I agree with Peter.
We discussed this issue at length from a S American perspective at pp36-40 of this paper:
http://www.proaves.org/wp-content/u...-y-Splits-Conservacion-Colombiana-23-3-48.pdf
Even taking into account the "scoring system" of HBW, the biggest difference between committees can be analysed in terms of proactiveness (which can be looked at from a 'glass half empty' perspective as laziness). But in fact, they are all pretty much the same in coming to a list and being broadly very poor at updating that when new research comes along. All of them....
The least proactive of them all is H&M, in the sense that it is published irregularly on paper, although that may change in future.
The most questionable of them all from a birder and conservationist perspective - in terms of the committee wasting huge amounts of time and proposals on utter trivia (vernacular name hyphens, subfamilies, splitting hairs on Latin name spellings etc) whilst being essentially pretty lazy on more pressing issues (e.g. peer reviewed papers proposing changes to species limits) is AOU, and especially SACC.
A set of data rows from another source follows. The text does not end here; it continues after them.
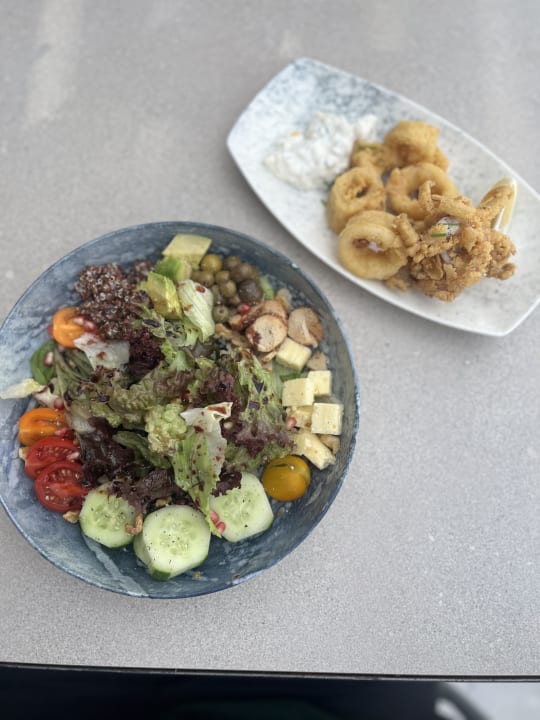 Gastro Paloma Finesse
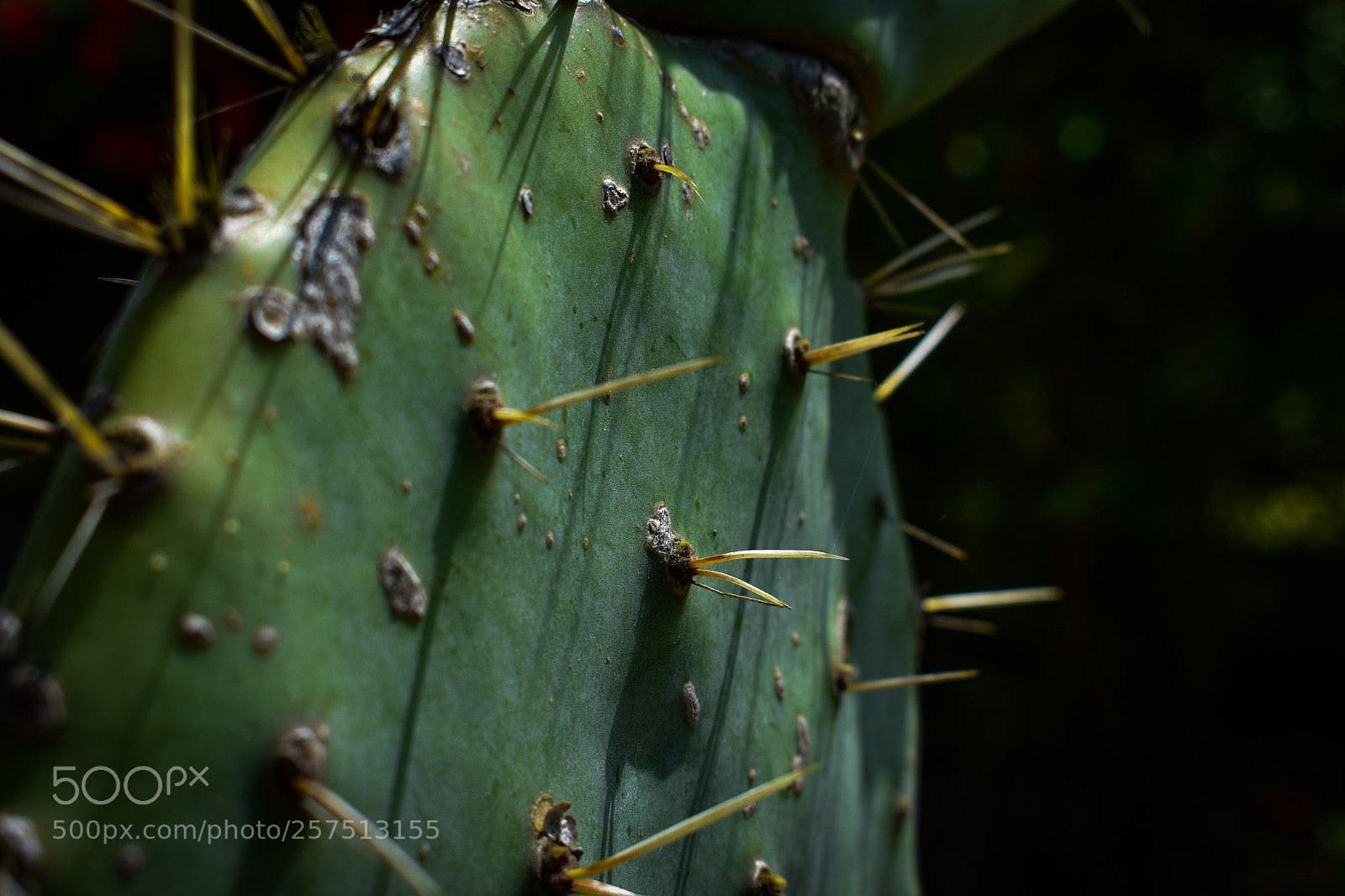 Nikon D3400 sample photo. European cactus photography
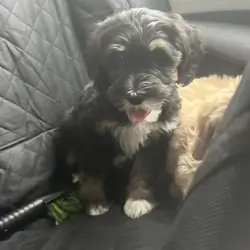 Goldendoodle shepadoodle Mix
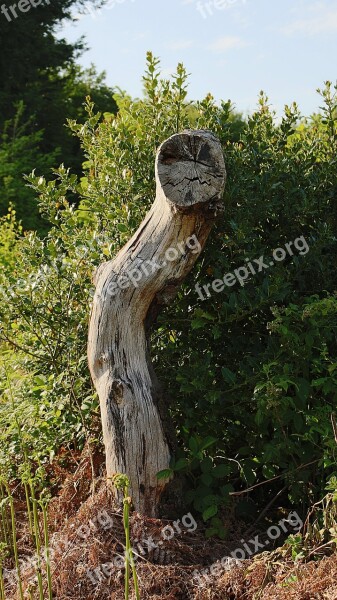 Tree Trunk Dead Tree Wood Green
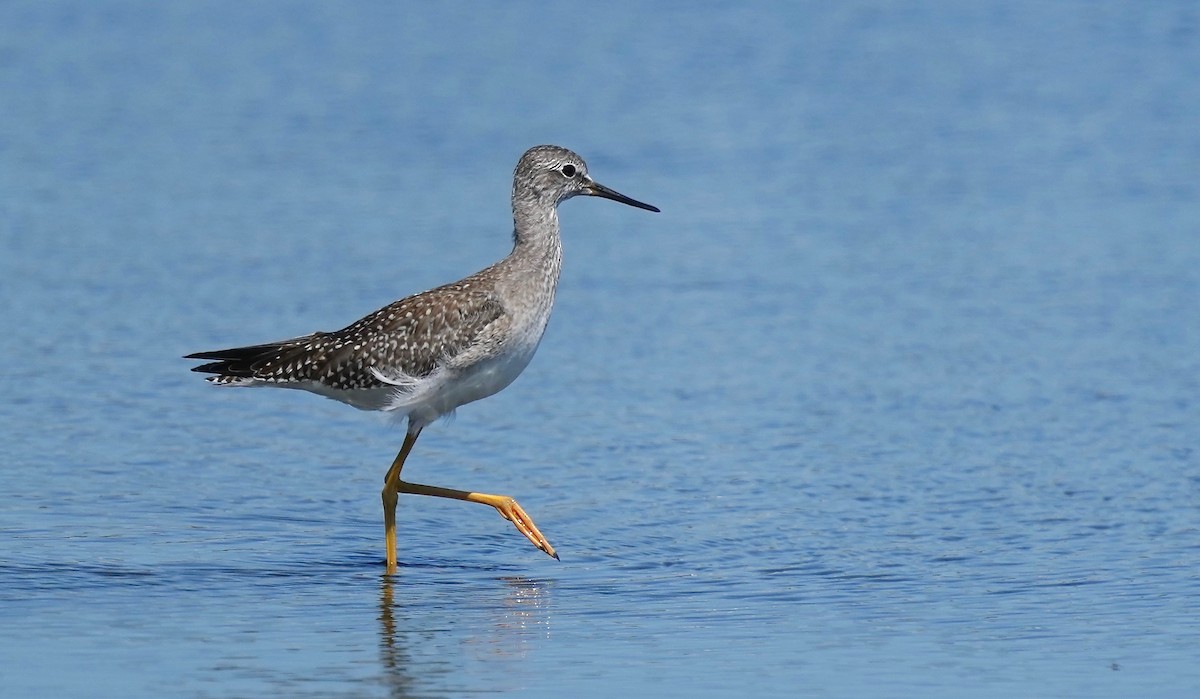 Lesser Yellowlegs - Sunil Thirkannad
The laziest of them all - in terms of online lists - are then Clements, who wait for the rather priority-misguided SACC or annually updated NACC before acting themselves.
IOC are the best at keeping up to date with latest papers. However, it's quite odd and entirely inconsistent, when you think of all the edgy calls and novel taxonomies that IOC took up when originally established, that they have essentially ignored HBW splits and called their list sacrosanct on that front.
And it's not like HBW have done a good job at all at correcting the multiple unjustifiable splits in their list that have been widely written about in groups such as Ramphastos, Aulacorhynchus, Coeligena and Oxyura. Again, they came to a final list and when that has been shown to be wrong, continue to cling to unjustified dodgy splits in the same way that SACC [and, therefore, by extension H&M and Clements] have such a strong track record of clinging desperately to unjustified dodgy lumps.
When looked at in those terms, all the lists suffer from too much pride in a product as at a particular point in time and a lack of openness or energy to do the best possible job at keeping a rational taxonomy, in all cases hiding behind spurious arguments about either being conservative or waiting for new data (or in the case of "the rest vs HBW", attacking the process as a tool conveniently to ignore the mostly correct outcomes). Promoting conservatism in checklists is promoting irrationality since it promotes ignoring new published research or new ideas. We have a situation where IOC, for example, broadly accepted most field guide splits when established but has broadly rejected all HBW splits which have the same status. It is difficult to come up with a rationale for that.
We really need one checklist, not four, which has its sole mission of promoting rationality and currency based on latest research, analysed on an objective basis. Currently, efforts are split across unnecessarily numerous incompletely updated and sub-optimal taxonomies, which serves no one any good.